We always knew that we wanted to take our kids camping, but guilt-inducing parenting articles reminding our generation that our kids aren’t getting outside enough sealed the deal. Neither my husband nor I grew up camping, however, so we had a steep learning curve. What we’ve found is what most folks won’t tell you when they are extolling the virtues of a family camping trip: It can really suck. No, I mean really suck. Your job as a parent is to get through the suck and not let your kids see how much it sucks, so that they, too, can someday experience the suck with their own kids. Why? Because as painful as it can be, it can also be the most engaging, endearing, and memorable time you ever spend together as a family. Here’s a list of the things I wish I had known before packing up the car for the first time:

  1. Practice setting up your crap first. Never open a tent for the first time at a campsite. Just don’t. At many state parks, you can’t check into a site until late in the day. If you don’t know what the hell you are doing with all your equipment, you’ll have some pissed off kids who are wondering where their dinner is at 10:00 p.m. while you are still trying to figure out what pole goes where.
  2. Draw out a list of what you can’t live without when roughing it. I’m talking the basics. Real basic, like sleep. With four kids to wrangle at a campsite over a series of days, sleep must happen. And don’t give me that crap of the crickets and the stars lulling you to sleep under the blissfully swaying trees. Unless you regularly sleep on your hardwood floors, I would recommend an air mattress. We can fit two queen sized air mattresses and two singles into our 8-man tent. It looks a bit like a giant bouncy house, but it works.
  3. Don’t be a hero. If your idea of camping means that you emerge from the wilderness sporting a week’s worth of stubble wearing the pelts of the animals you hunted, skinned, and cooked over a roaring fire you started with two twigs and your bare hands, you might consider lowering your expectations. A lot. If it’s a first (or even a second or third) camping trip with your kids, do yourself a favor and start at your closest state park at a site that provides electricity and water. They’ll also have bathrooms. With showers. Remember that part about sleep? Now imagine that scenario with six people, a dog, and no access to showers. Not happening, folks. Not happening.
  4.  Keep your dreams of campfire culinary greatness at home. My kids know that if they see a bag of Doritos on the kitchen counter when they get home from school, we are going on a trip. Camping makes everyone hangry. For the most part, we pack healthy foods including lots of fresh fruits and veggies. Heck, we even make our own granola and trail mix, but I never regret having some crap on hand that’s quick and easy and tastes good over a fire. And sometimes that crap is refrigerator biscuits, cooked in any one of several thousand different ways. And that’s ok.

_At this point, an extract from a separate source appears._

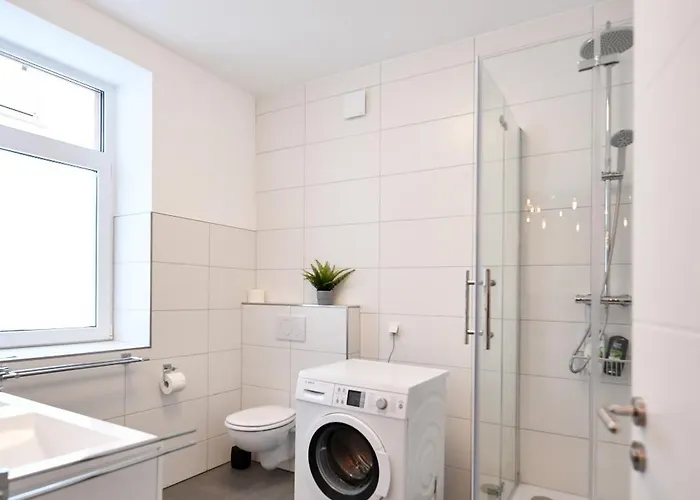 Ferienloft 'weinstube Fridrich'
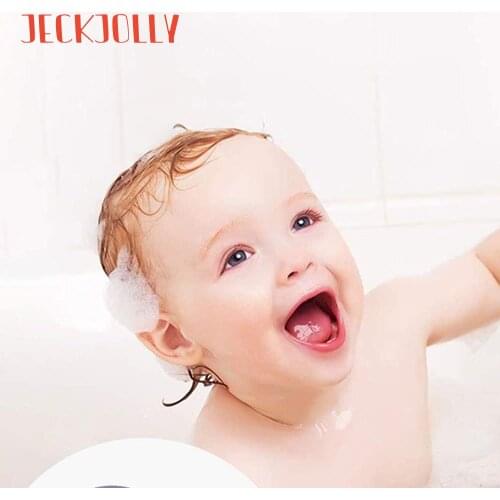 DOLDOLY Toddler Toys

  5. Have a disaster plan. I know, a vacation shouldn’t require such a plan, but this is camping and things can go wrong. Be prepared. Talk through what you want to do if it rains. What if a kid gets hurt or stung by something that you can’t identify? What if you get split up from each other when hiking? You can’t possibly predict all that could go wrong, but you need to have an idea of how you are going to react to the most common scenarios. I have no fewer than five fully stocked first aid kits on hand when we go camping. I wish I was kidding.
  6. Prepare to entertain your kids. Read enough parenting articles related to the great outdoors and you’ll get the idea that the second your children go outside they will frolic like cute little woodland creatures, keeping themselves occupied for hours birdwatching and exploring the local flora. Hogwash. If your kids are in school, they are used to being directed by adults for 8 hours every day. Eventually, they will entertain themselves, but it might be with such wonderfully creative games as “Rock Tag” where the person who gets hit with the rock is “It.” Bring board games and cards, coloring books and crayons. Print off a camping scavenger hunt or make your own. Buy out every last glow stick Dollar General has to offer. Choose a campground that has a playground and try to pitch your tent within sight of it. You can sit back with your glass of wine while watching your kids play with all the other children whose parents are doing the exact same thing you are.
  7. Embrace the suck. Channel your inner Mary Poppins. Know going into your trip that it is going to be a lot of work, that it will probably downpour while you are trying to set up your tent, that you’ll have forgotten to pack somebody’s wubby that they just can’t possibly sleep without. Take notes on what worked and what didn’t, what gear you needed and what you wished you had. Make camping a habit. You’ll all become much more proficient at it with practice.

Accept the negative aspects of your camping adventure so that you can then shift your focus to where it needs to be – on spending uninterrupted time with your family. Work your butt off, but also play together. Tell stories. Hike the trails together, hand in hand. Your time together doesn’t last forever. Make it count.